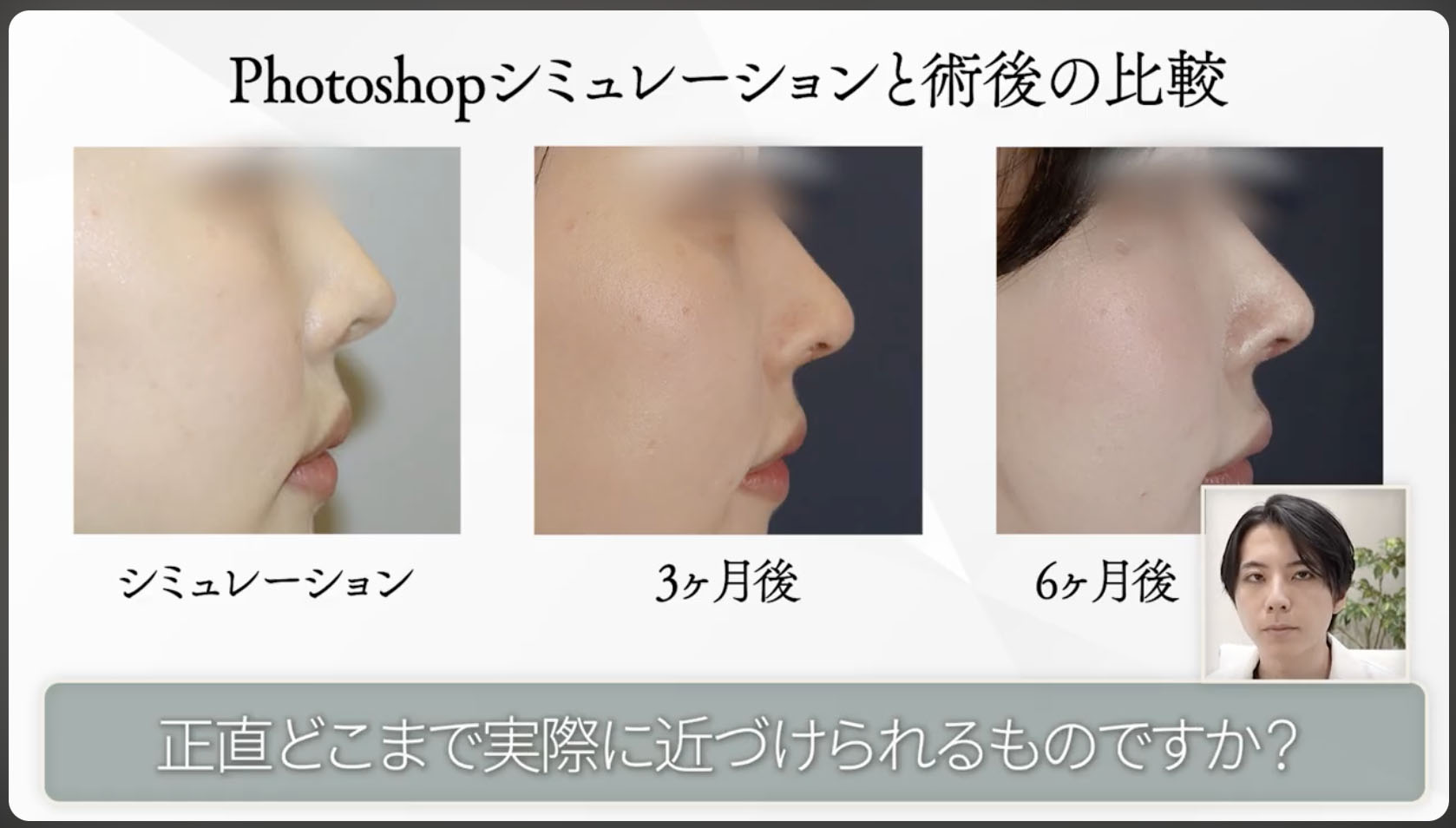 Photoshopシミュレーションと術後の比較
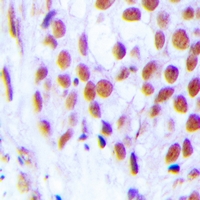 Immunohistochemical analysis of FOG2 staining in human breast cancer formalin fixed paraffin embedded tissue section. The section was pre-treated using heat mediated antigen retrieval with sodium citrate buffer (pH 6.0). The section was then incubated with the antibody at room temperature and detected using an HRP conjugacompact polymer system. DAB was used as the chromogen. The section was then counterstained with haematoxylin and mounted with DPX.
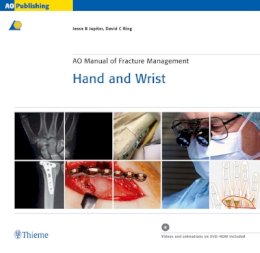 Jesse Jupiter - AO Manual of Fracture Management - Hand and Wrist - 9783131276117 - V9783131276117
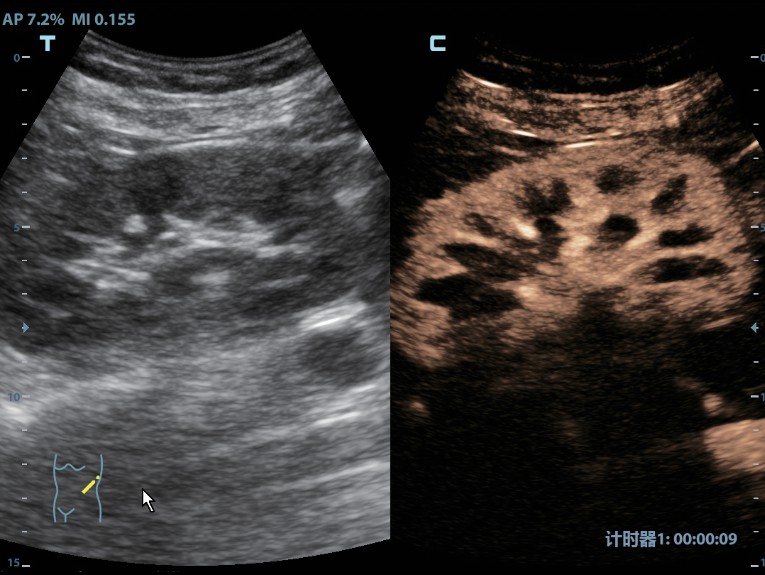 m8-ru-kv-fig5-3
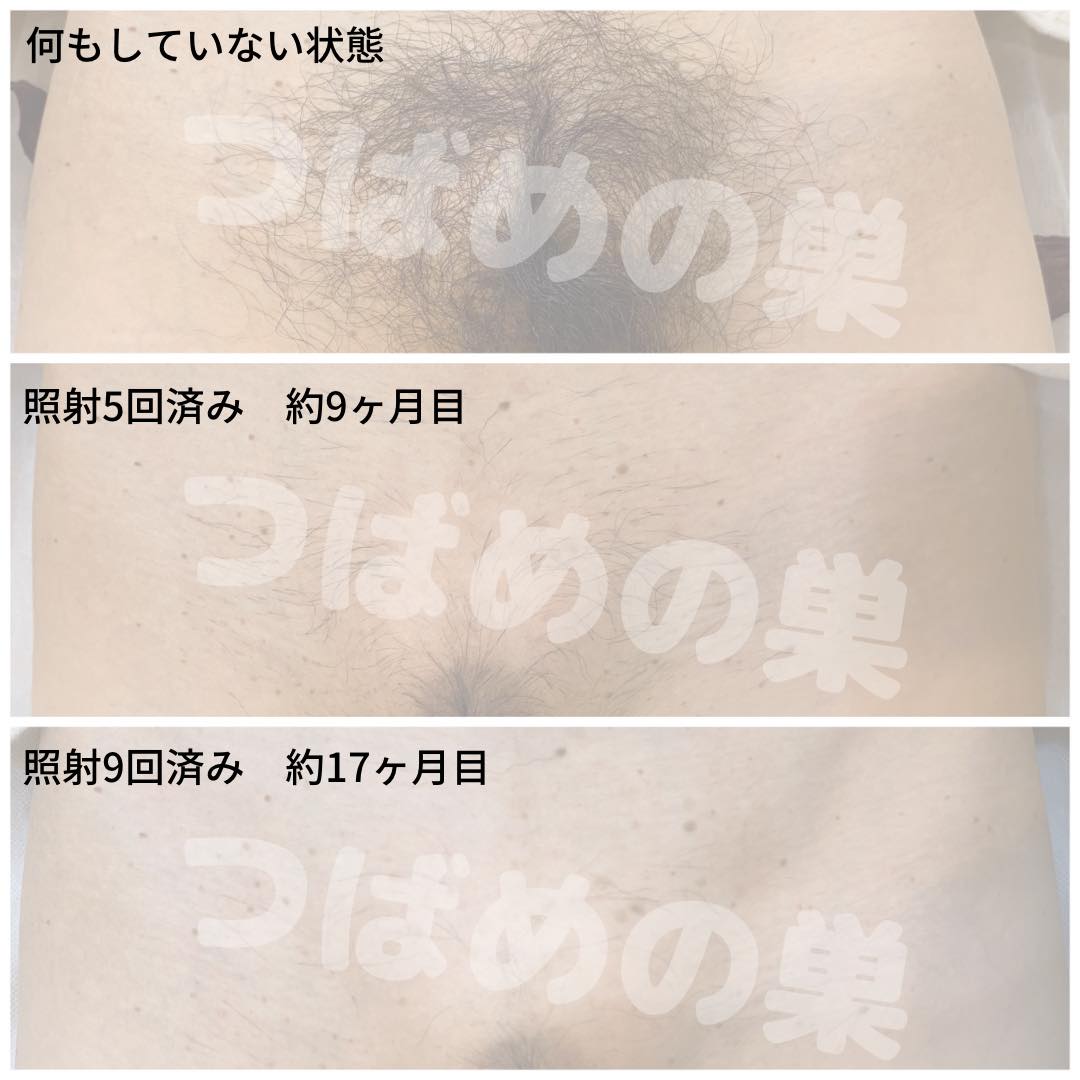 女性Vio脱毛の経過写真と症例で見る毛量変化・人気の形と後悔の真相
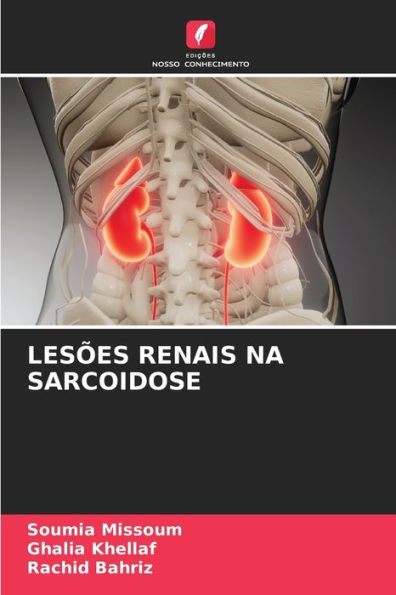 LesÃ¯Â¿Â½es Renais Na Sarcoidose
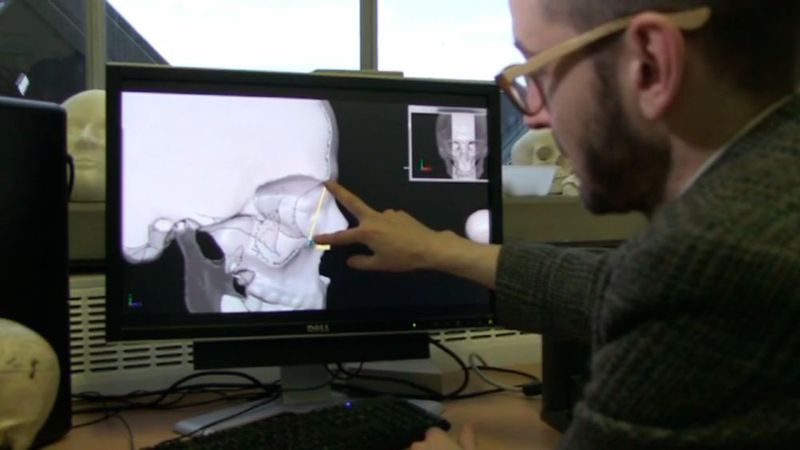 Dr. Christopher Rynn führt die Zuschauer in der BBC-Sendung „Inside Out“ durch den Ablauf einer Gesichtsrekonstruktion. (Artec 3D/BBC)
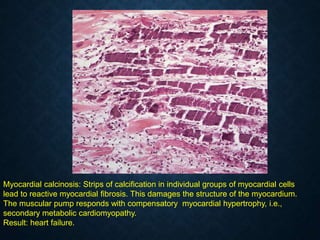 Myocardial calcinosis: Strips of calcification in individual groups of myocardial cells
lead to reactive myocardial fibrosis. This damages the structure of the myocardium.
The muscular pump responds with compensatory myocardial hypertrophy, i.e.,
secondary metabolic cardiomyopathy.
Result: heart failure.
 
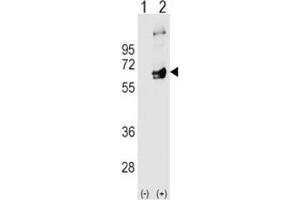 Western blot analysis of FYN antibody and 293 cell lysate (2 ug/lane) either nontransfected (Lane 1) or transiently transfected (2) with the FYN gene.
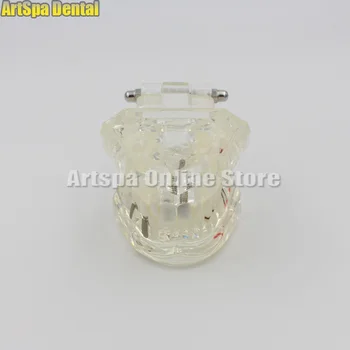 

Dental Implant Study Analysis Demonstration Teeth Model #2001 with Restoration Dental Material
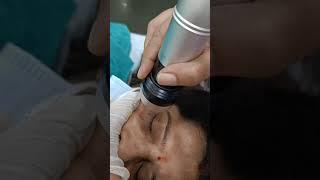 Dark circles treatment by MNRF technology.. Delhi Skin Laser Centre 99908 04085.
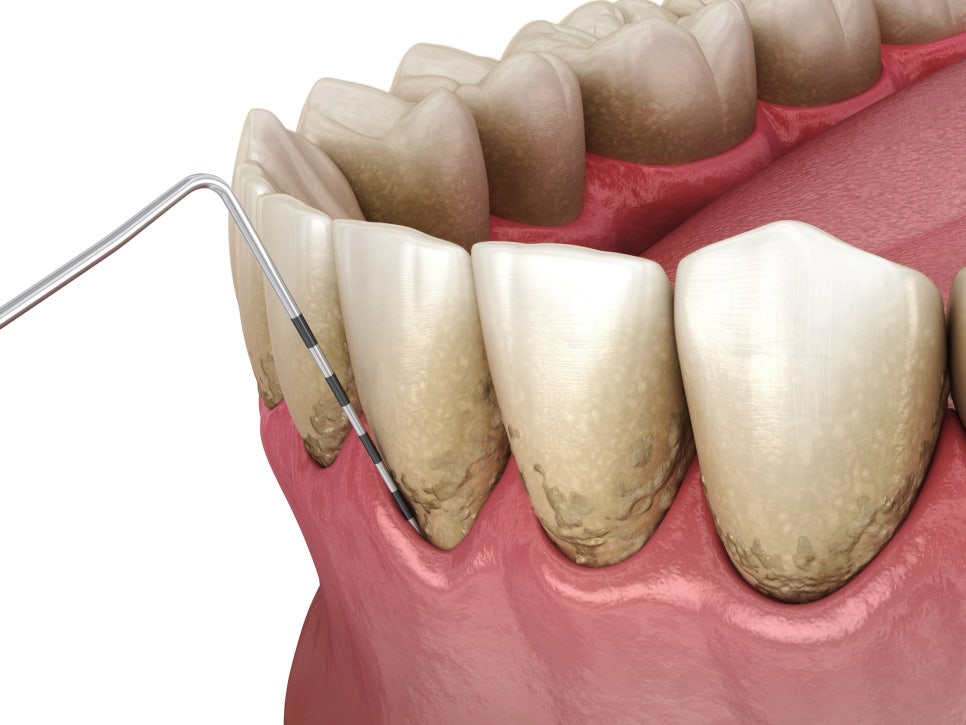 마곡치과_" 찬 음식 앞에서 움찔!" [ 1. 시린이(지각과민증) 원인 ] 관련 이미지 7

======

Work instruction: Extract all the entries word for word; omit any pictures.

Task response:
 Photoshopシミュレーションと術後の比較
 Immunohistochemical analysis of FOG2 staining in human breast cancer formalin fixed paraffin embedded tissue section. The section was pre-treated using heat mediated antigen retrieval with sodium citrate buffer (pH 6.0). The section was then incubated with the antibody at room temperature and detected using an HRP conjugacompact polymer system. DAB was used as the chromogen. The section was then counterstained with haematoxylin and mounted with DPX.
 Jesse Jupiter - AO Manual of Fracture Management - Hand and Wrist - 9783131276117 - V9783131276117
 m8-ru-kv-fig5-3
 女性Vio脱毛の経過写真と症例で見る毛量変化・人気の形と後悔の真相
 LesÃ¯Â¿Â½es Renais Na Sarcoidose
 Dr. Christopher Rynn führt die Zuschauer in der BBC-Sendung „Inside Out“ durch den Ablauf einer Gesichtsrekonstruktion. (Artec 3D/BBC)
 Myocardial calcinosis: Strips of calcification in individual groups of myocardial cells
lead to reactive myocardial fibrosis. This damages the structure of the myocardium.
The muscular pump responds with compensatory myocardial hypertrophy, i.e.,
secondary metabolic cardiomyopathy.
Result: heart failure.
 
 Western blot analysis of FYN antibody and 293 cell lysate (2 ug/lane) either nontransfected (Lane 1) or transiently transfected (2) with the FYN gene.

Dental Implant Study Analysis Demonstration Teeth Model #2001 with Restoration Dental Material
 Dark circles treatment by MNRF technology.. Delhi Skin Laser Centre 99908 04085.
 마곡치과_" 찬 음식 앞에서 움찔!" [ 1. 시린이(지각과민증) 원인 ] 관련 이미지 7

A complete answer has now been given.